We were sitting in the cockpit of Raindancer, enjoying some home made pizza that Bianca was making from a recipe one of her friends had given her. It reminded us of a day we had had in the Galapagos before our departure. It was a beautiful sunset and our crew, and the crew of Southern Cross, shared a memorable evening together, eating pizza and talking about how lucky we were to be sailing across the Pacific Ocean with friends and the journey that lay ahead of us.
Fast forward one month, and there we were, the four of us, myself, Alana, Bianca and Simon. On a 3100nm passage to the Marquesas from the Galapagos,with about 1400nm left to go. Cooking up that tasty pizza. We had good winds, sunny skies and were making about 6 knots. The second pizza had just come out of the oven, and I was dipping a slice into some ranch dressing, when it felt like we ran into a concrete wall. I heard a loud crashing noise together with a metal clanking. I heeard Alana yell, "We hit a whale". Looking to port, I saw a huge whale and blood gushing out of it as it began swimming down.
I told everyone to check the bilges and went down myself to check for water and collision damage.
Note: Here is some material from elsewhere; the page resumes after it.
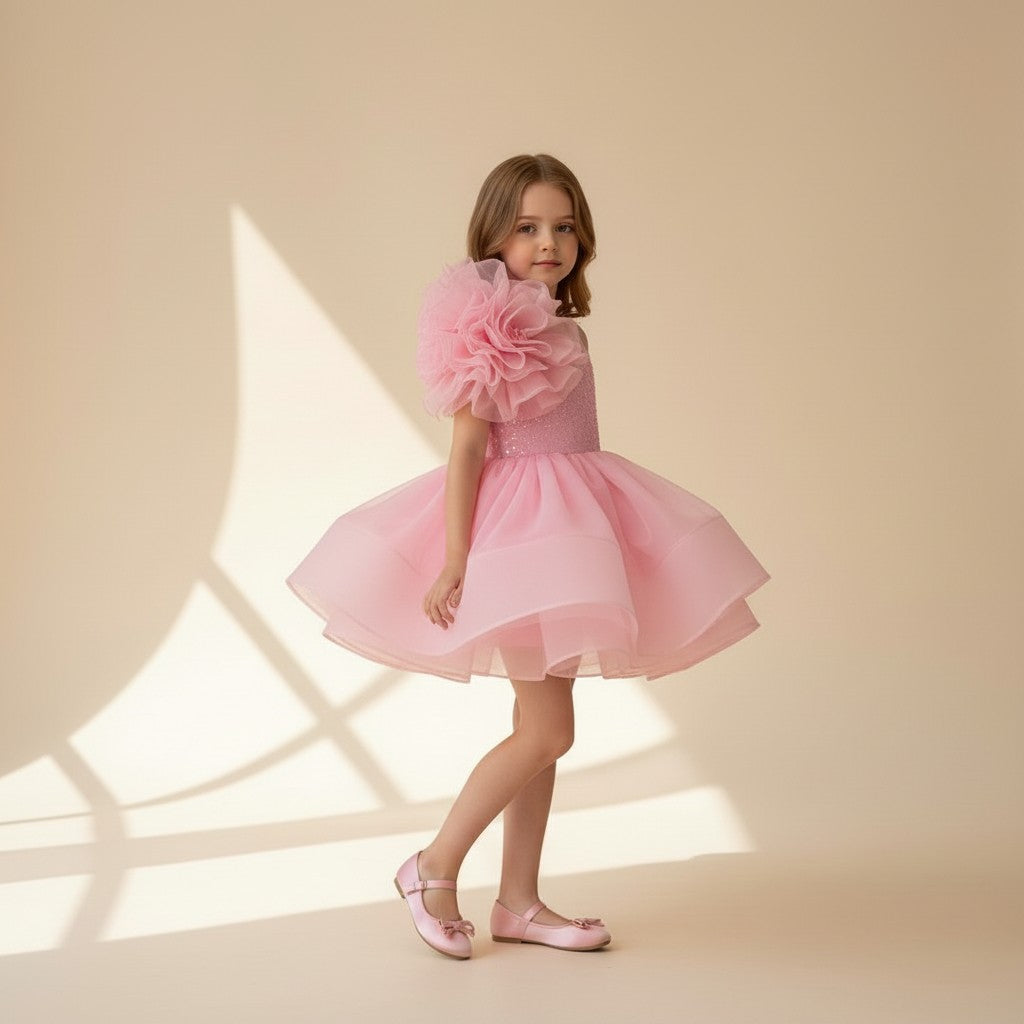 Blush Bloom Couture Dress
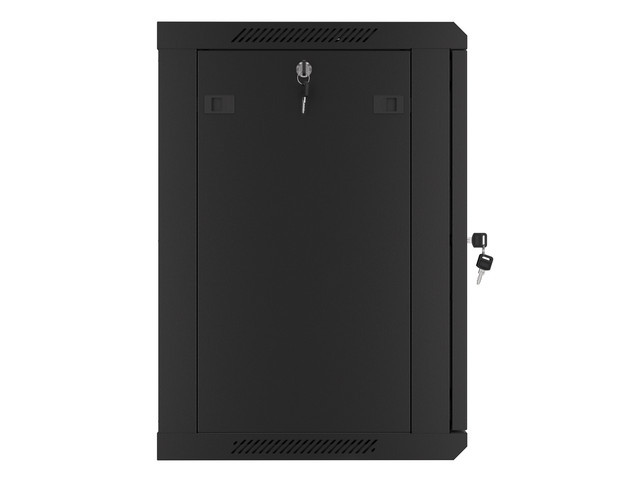 LANBERG RACKOVÁ SKŘÍŇ 19" NÁSTĚNNÁ 12U/600X450 PRO VLASTNÍ MONTÁŽ S KOVOVÝMI DVEŘMI ČERNÁ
Within 5 seconds the high water bilge alarm went off and I could see water rushing in from the stern of the boat. At that point I knew the damage was significant and that we were likely to lose the boat. The crew began gathering safety equipment, supplies, emergency gear, electronics and they did a good job of it. i went to the back of the boat to search for the source of the water. At this point maybe 30 seconds had gone by since the moment of impact.
Whilst I was searching the aft bilges, rudder, stuffing box area the water had already filled up above the floor. It was difficult to locate the source from the inside with the water level already so high alreaady. At that point I was certain the boat was going down - and rapidly.
I decided to make a last attempt to plug up water intrusion from the outside. On my way out I helped bring out the liferaft and grabbed and set off on of the EPIRB's and made a VHF radio MAYDAY call. I deployed the liferaft and it inflated as advertised. At this stage I realised the sails were still up and the boat was moving forward, putting tension on the painter of the liferaft, which had automatically deployed a sea anchor. Afraid the painter might break, Bianca and I quickly took down the sails. Simon asked me, " should we launch the dinghy?". I said absolutely.
After helping Simon and Alana launch the dinghy I put on mask and fins and jumped overboard with a tarp. I saw the damage instantly. There were multiple holes or cracks, the largest around the prop shaft. It seems part of the whale must have hit the shaft with a strong force and bussted open the fiberglass around the shaft. It was a very arkward hole to try to plug with rags and a tarp. It had a stainless steel shaft in the middle and the holes were more like caves with broken pieces of fiberglass around and inside. In addition I noticed large cracks along the base of the skeg where it meets the hull. I tried to plug the hole with the tarp but it kept coming out. I tried to wrap the tarp around the damaged area consisting of the rudder skeg and prop shaft and tie it around itself but the ocean swell made that difficult and the boat was already 2/3 full of water. At that point I decided to forego my efforts and focus on the safety and survival of the crew. We started to load the dinghy up with as much supplies and emergengy gear as possible. At this point we could no longer fill up water jugs as the water level was already above the sink. The toerails were inches above the water. The girls were both in the dinghy waiting for Simon and I to join them. i paused for a moment, trying to think if there was anything that I might be forgetting, or anything else I could do. I then took a moment, a split second, to take in the scene of what was happening. i could feel my emotions rising to the foreground but I quickly shoved them back down and Simon and I stepped into the water just as the toerail went under. I then swam to the liferaft. When I waas in, I looked back and could see the last 10ft of the mast sinking at an unbelievable speed. Our liferaft painter (which is designed to break before being pulled under by the boat) was still attached to the boat. Alana noticed it and shouted to cut it. Luckily I had my leatherman in my pocket and cut the painter as it was coming under tension. The boat and all of our belongings were gone, sinking to the bottom of one of the most remote parts of the oceans.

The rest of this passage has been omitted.